Parte allora la storia, quella vera, quella di un boss che per poter vivere in pace, decide grazie alla sua donna -patita di cinema- di fingersi morto. Un suo sosia lo sostituirà in tutto e per tutto nella bara, i suoi affari verranno divisi tra i suoi uomini migliori, lui scapperà in una qualche calda isola con il suo amore.
Un piano perfetto, se non fosse per un'infermiera.

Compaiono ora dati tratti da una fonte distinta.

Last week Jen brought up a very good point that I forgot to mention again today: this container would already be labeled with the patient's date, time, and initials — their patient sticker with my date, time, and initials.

Sì, una semplice donna che lo vede all'ospedale e non dove il telegiornale annuncia di aver trovato il cadavere, un'infermiera che però è una vecchia fiamma del killer incaricato di ucciderla, che cambia però idea, fugge, la nasconde, iniziando così una faida interna che arriva fino all'America.
La malavita, i cliché sui boss, sulla violenza e i raggiri, ci sono tutti, come da copione per un film napoletano. Quello che in più c'è, però, è anche una buona dose di canzoni orecchiabili quanto basta (irresistibile la cover di What A Feeling), folli e assurde il giusto, ad interporsi tra una scena e l'altra, a dar voce a sentimenti e pensieri, anche di quei numero due (o tre e quattro) sempre messi da parte.

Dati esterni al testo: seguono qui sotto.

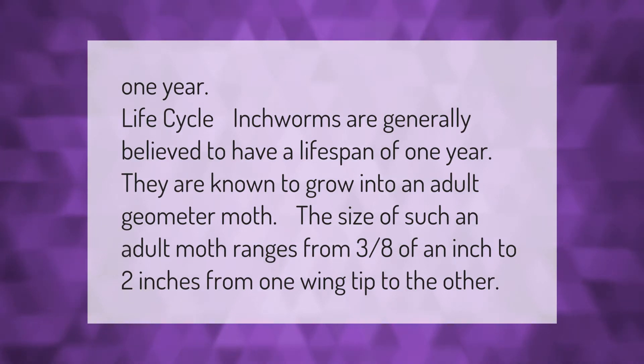Inchworms are generally believed to have a lifespan of one year. They are known to grow into an adult geometer moth. The size of such an adult moth ranges from three-eighths of an inch to two inches from one wing tip to the other.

Il surrealismo che si crea, ha una sua coerenza e soprattutto una sua genialità, data da battute pungenti irriverentemente interpretate da Claudia Gerini, Giampaolo Morelli e Carlo Buccirosso, mentre tra le voci spiccano Serena Rossi e Raiz, il leader degli Almanegretta.
Tuttavia, difetti, duole ammetterlo, ce ne sono.
Prima di tutto una durata esagerata, che sfora le due ore e che soprattutto quando l'azione e i morti prendono il posto di trama e canzoni, finiscono per pesare più del dovuto.
In secondo luogo, poi, un comparto tecnico che non brilla, fotografia piuttosto scarna e triste, effetti speciali posticci, e non si capisce se per scelta di coerenza verso quel kitsch che si racconta, o se per budget limitato, nel qual caso, sforbiciare la sceneggiatura avrebbe risolto due problemi in una sola volta.
Resta però un tentativo coraggioso e che intrattiene, che diverte soprattutto, mettendo da parte la serietà e la seriosità che di solito si incontrano ai Festival, o nel cinema italiano.